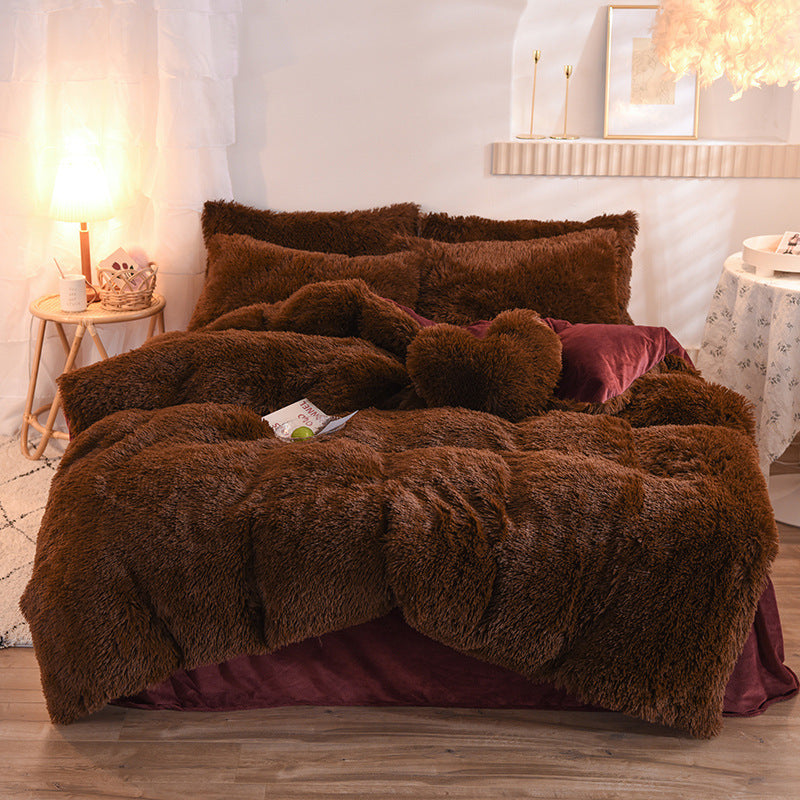 Premium Shaggy Fleece Bed Set – Cozy & Elegant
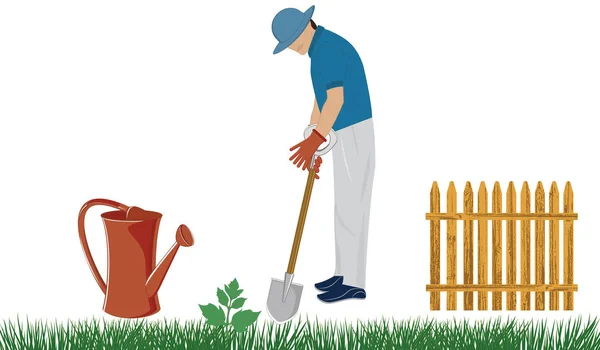 Ein Mann mit Hut und Schaufel in der Hand, Gras, Blähungen, Gießkanne - isoliert auf weißem Hintergrund - Vektor. Arbeit im Garten. — Stockvektor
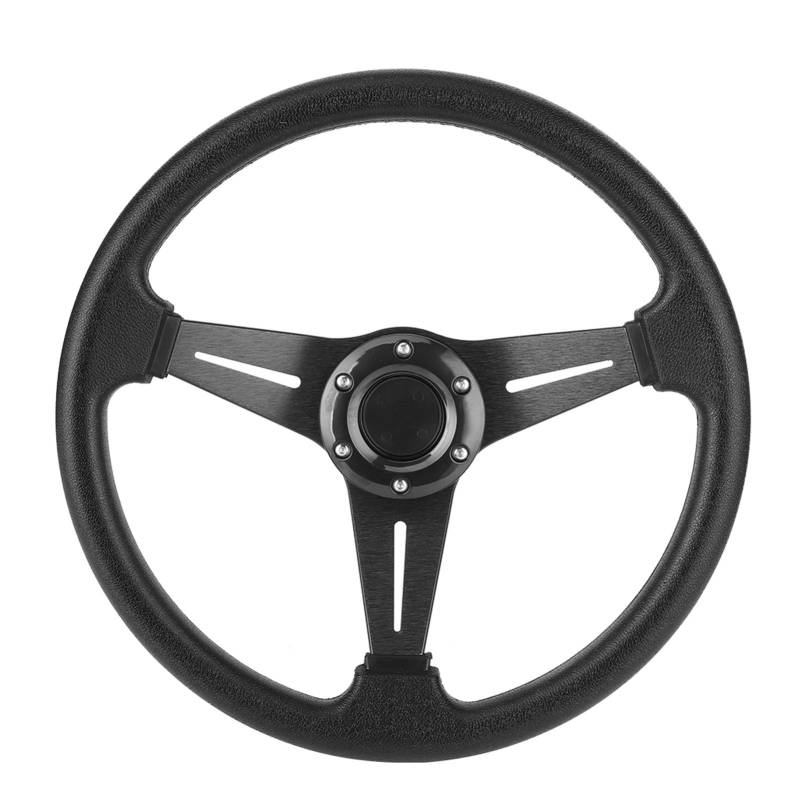 14-Zoll-Rennlenkrad, Drifting Deep Dish Rennlenkrad PU-Leder-Gaming-Lenkrad mit Hupenknopf, Universelles Sportlenkrad-Automodifiziertes Zubehör (Schwarz) von banapoy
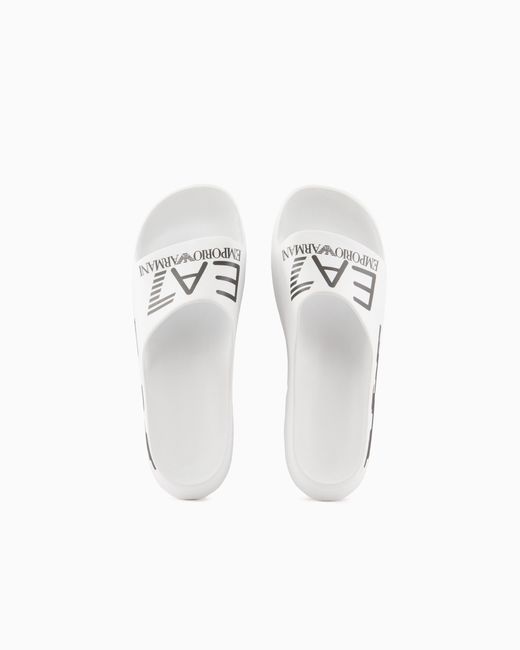 Slides di EA7 in White da Uomo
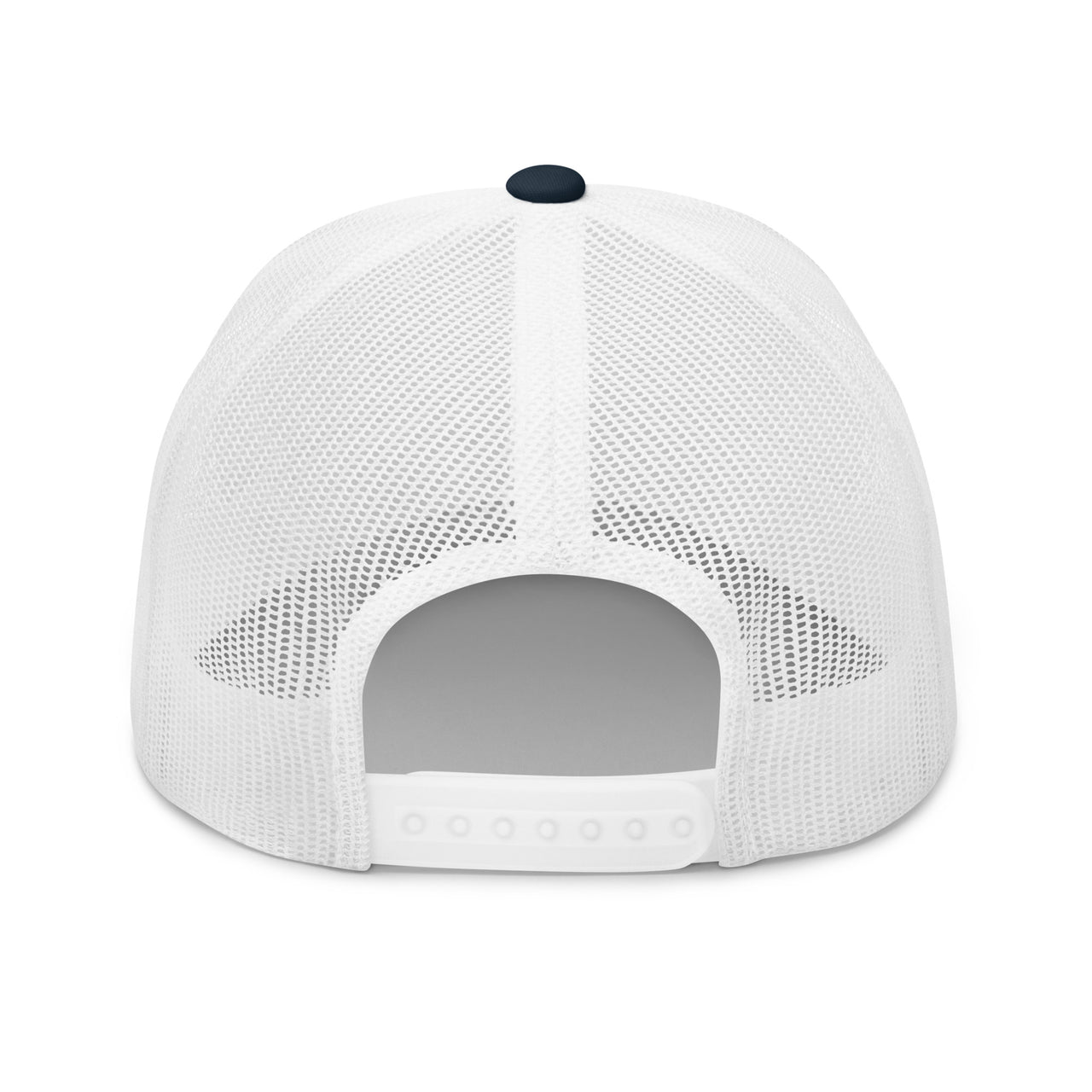 back view of white trucker hat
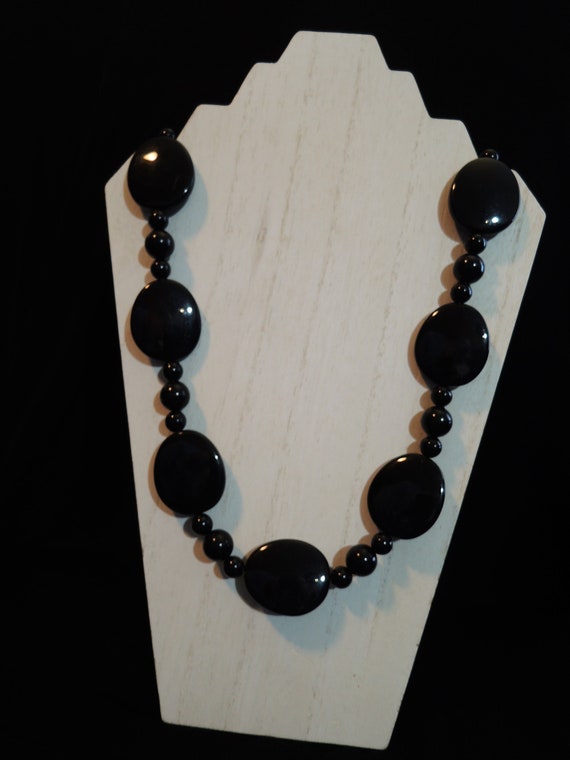 Big Black Bead Chunky Necklace Vintage 1990s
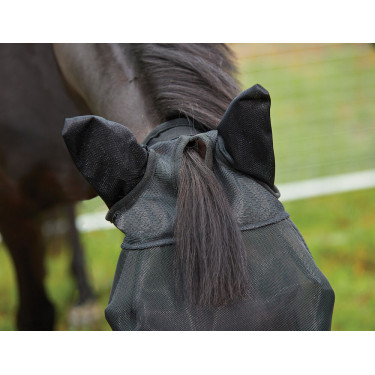 Masque anti-mouches Weatherbeeta Deluxe protections d'oreilles et nez Noir Masque anti-mouches Weatherbeeta Deluxe protections d'oreilles et nez Noir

#####

The task :: Please output the listing above exactly from its first line through the line with "Ein Mann mit", both included, and nothing beyond that line. Omit pictures.

Solution to this task ::
 Premium Shaggy Fleece Bed Set – Cozy & Elegant
 Ein Mann mit Hut und Schaufel in der Hand, Gras, Blähungen, Gießkanne - isoliert auf weißem Hintergrund - Vektor. Arbeit im Garten. — Stockvektor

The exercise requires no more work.